Saliva helps digest food and makes it possible for you to chew and swallow. It protects your teeth from decay. Saliva also prevents infection by controlling bacteria and fungi in the mouth.

If you have a dry mouth all or most of the time, it can be uncomfortable and lead to serious health problems. You might have difficulties in tasting, chewing, swallowing, and speaking. A dry mouth can even increase your chance of tooth decay and other mouth infections.

While you may experience a dry mouth now and then, it's not normal to have frequent dry mouth. It can be a sign of certain conditions, such as Sjögren's syndrome or thyroid disease. Certain drugs or medical treatments can also cause dry mouth.

If you think you have dry mouth, see your dentist or healthcare provider. There are things you can do to get relief.


Symptoms of dry mouth can be bothersome on their own, and lack of saliva can also lead to other concerns (like sores). Symptoms include:


People get dry mouth when the glands in the mouth that make saliva are not working correctly. Because of this, there might not be enough saliva to keep the mouth wet.

There are several reasons why the salivary glands might not be working well. However, some people experience dry mouth even if their salivary glands work properly.

Health Conditions

Sjögren's syndrome is a major cause of dry mouth. This autoimmune condition causes inflammation in the body. It can lead to dry eyes and mouth, joint pain, and a chronic cough.

Other disorders can also cause dry mouth or affect the salivary glands. Some people with certain conditions, such as Parkinson's disease, or those who have had a stroke, may not be able to feel wetness in their mouth and may think their mouth is dry even though it is not.

Medication Side Effects

More than 400 medicines can cause the salivary glands to make less saliva.

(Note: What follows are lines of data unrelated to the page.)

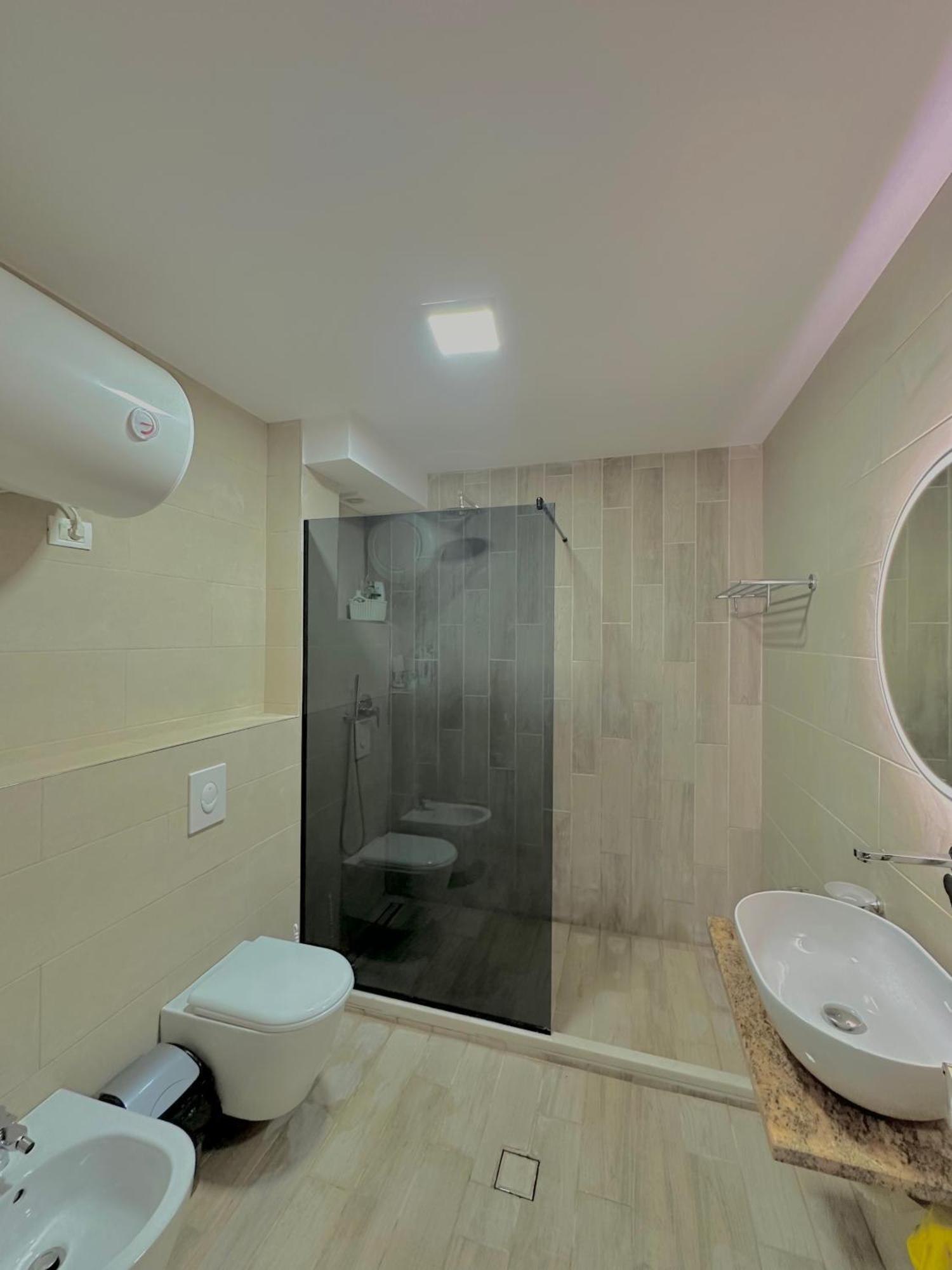 Central Inn Home Tirana Exterior photo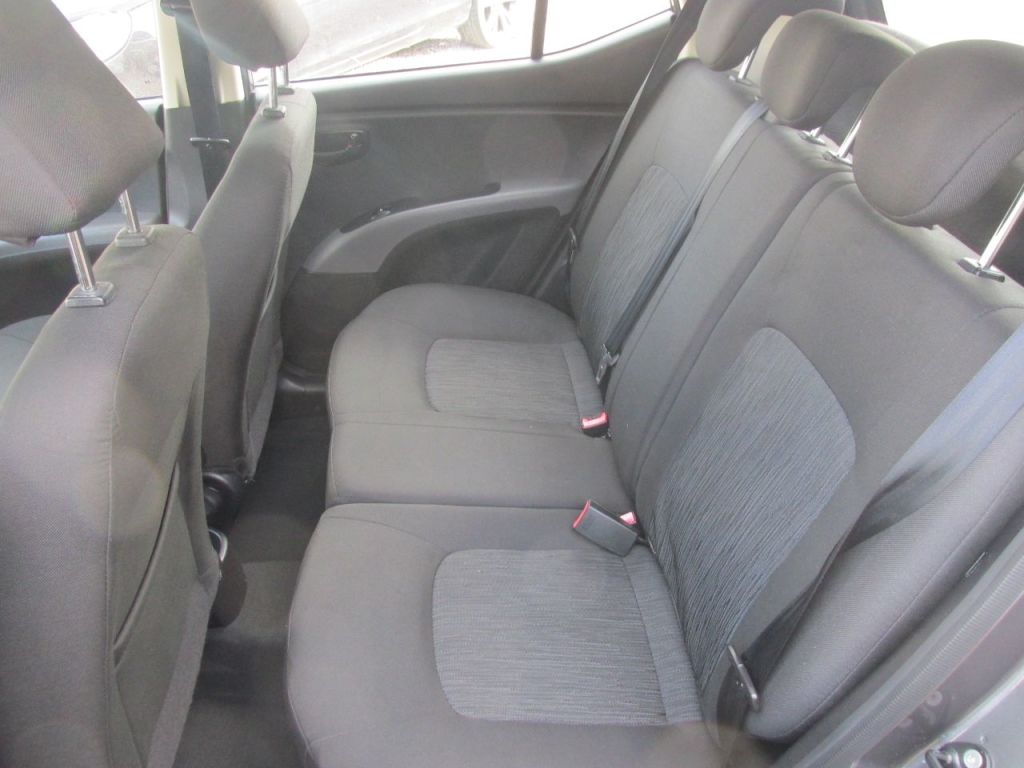 Used Hyundai i10 2011 for sale - 76402263: Photo 13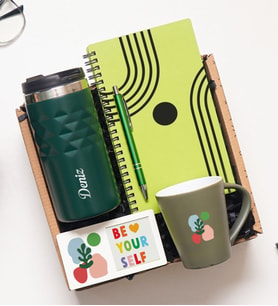 Kişiye Özel Hediye Seti –Yeşil Çelik Kupa 300 ml, Latte Bardak, Defter, Kalem, Fotoğraf Çerçevesi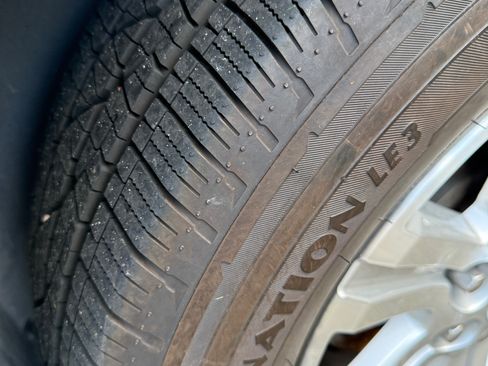 Used 2014 Chevrolet Traverse LT image 14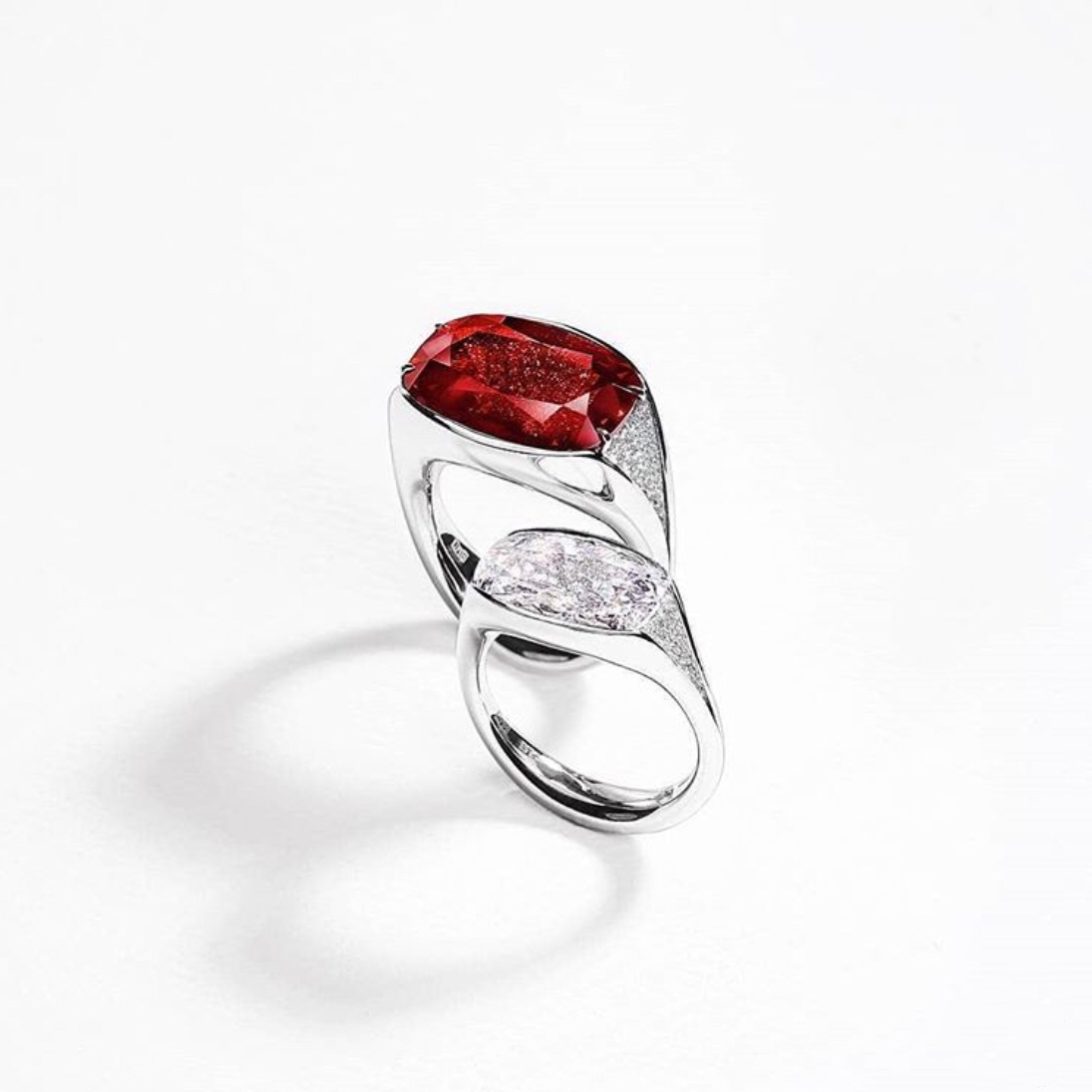 蒂芙尼红宝石戒指(宝格丽最经典10款项链价格)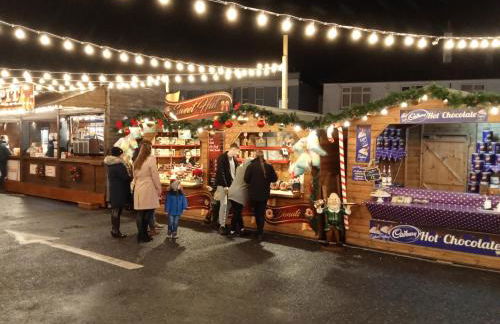 Glorious Duplex Holiday Apartment By The Sea - Photo 30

However, you should not stop taking them without asking your healthcare provider.

Medications that can cause dry mouth include:

Cancer Treatments

The salivary glands can be damaged if exposed to radiation during cancer treatment.

Chemotherapy drugs used to treat cancer can make saliva thicker, causing dry mouth.

Nerve Damage

Injury to the head or neck can damage the nerves that signal salivary glands to produce saliva.


Dry mouth treatment will depend on the cause of the problem. If you think you have dry mouth, see your dentist or healthcare provider. If your dry mouth is caused by medicine, your healthcare provider might change your medication or adjust the dosage.

If your salivary glands aren't working normally but can still produce some saliva, your healthcare provider might give you a medicine that helps the glands work better.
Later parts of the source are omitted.